Michael chews his lip. “And air support?”

“We have a dozen in the air, and more on standby with ground support manning the city.”

Michael looks to the other screen of the ocean. “And Mizuchi?”

“Still on track.”

“No,” Casey interjects. “He’s not on track.”

Michael turns. Malick has taken up residence behind one of the J-tech members, who seems less than pleased by it. “What do you mean?”

The tech sighs. “It’s nothing--”

“It’s something,” Casey says sharply. “The trajectory is right, but I think our ETA is all off. I mean, look at him. He’s capable of extreme bursts of speed. Look at how fast he surfaced after coming out of the breach.”

“It could be an errant reading,” the tech says. “We don’t have perfect tracking on Kaiju.”

“We have damn good tracking on Kaiju,” Casey says.

“But they can’t move that fast,” the tech objects.

“Correction, none of them have moved that fast,” he says. “Just because they haven’t yet, doesn’t mean they can’t.”
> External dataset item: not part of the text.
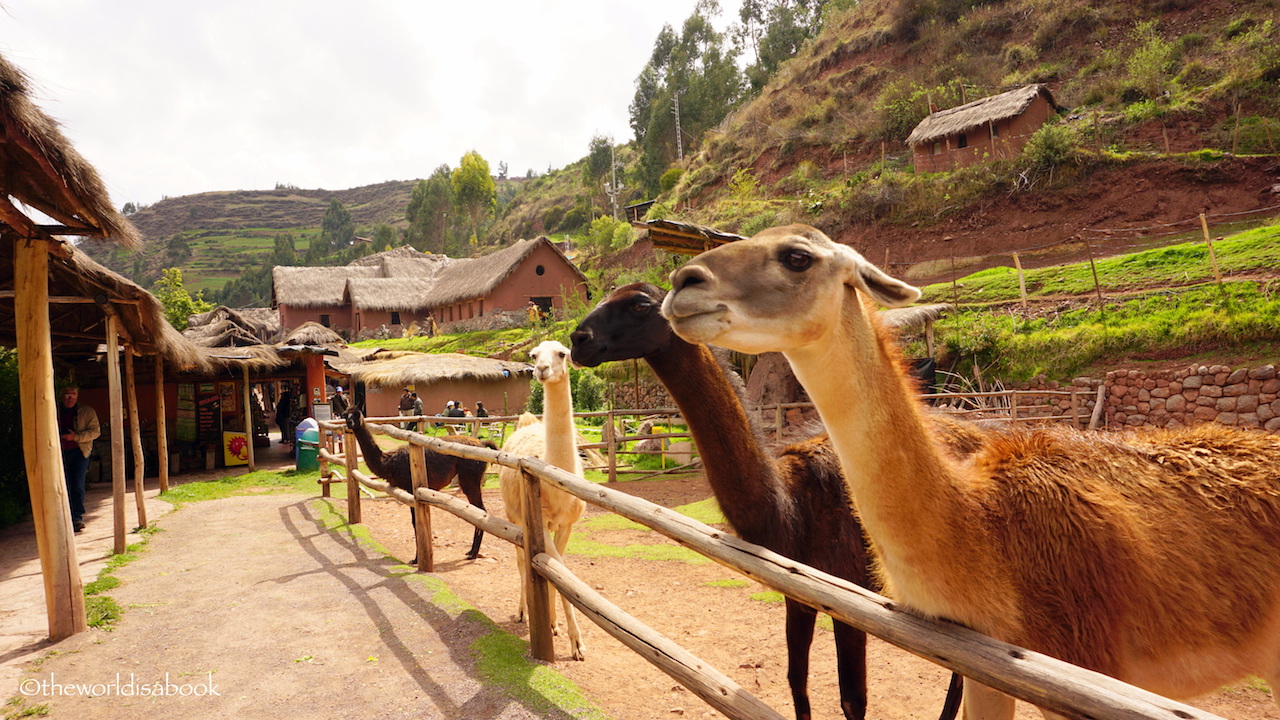 Awanakancha Llama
Michael doesn’t really have time to listen to a debate. “What’s your point, Malick?”

“My point,” Casey says pointedly. “Is that I think this is nothing but cruise control. If he puts on a burst of speed, he could be there much faster.”

Michael eyes the screen critically. “How much faster?”

Casey doesn’t get a chance to answer, because suddenly, the blip disappears. The tech pauses. Then he swears as the room starts buzz.

“Get it back,” Michael orders. “Who has a visual on our Kaiju?”

No one answers, but everyone is typing and clicking frantically.

Michael’s stomach twists. “Damn it,” he says. “Who has a visual?”

The comm crackles with a curse. “We have contact!” Mammoth’s pilot screams. “Damn it, we have contact!”


It happens fast.

Michael hates to wait, but he could have done with a little more lead time on this one. They have all their assets in place, but damn it, it’s bad starting this way. Everyone is rattled -- including Mammoth’s pilots.

The string of cursing is to be expected, although it’s not very informative.

“Talk to us,” Michael says. “Tell us what you see.”

“This son of the bitch is all over the place!”

“He’s in and out of the water--” The voice cuts off with another curse. “He can practically fly.”

They sound rattled, which is bad. Jaeger pilots need to be fearless idiots, because if they think too much about how they might die…

Michael switches channels. “What can air support tell us?”

“Simply an affirmative of what we’ve been told,” is the report. “The Kaiju is in and out of the water at incredible speeds.”

“It’s not going after the coast?” Michael asks.


“Of course he isn’t,” Casey says. “These are intelligent creatures and skilled fighters. They learn. This thing knows what a Jaeger is.”

“Hive mind can’t be proven,” someone objects.

“And can’t be disproven,” Casey replies. “And it doesn’t matter. Think about what it’s doing. It recognizes the Jaegers as its opponents and is deriving new tactics to keep them at a disadvantage. It’s a brilliant strategy. Equip every soldier with a different strength and the enemy has to work harder to keep up.”

“Yeah, but they’re the enemy,” Michael mutters. “Someone give me something to help these guys!”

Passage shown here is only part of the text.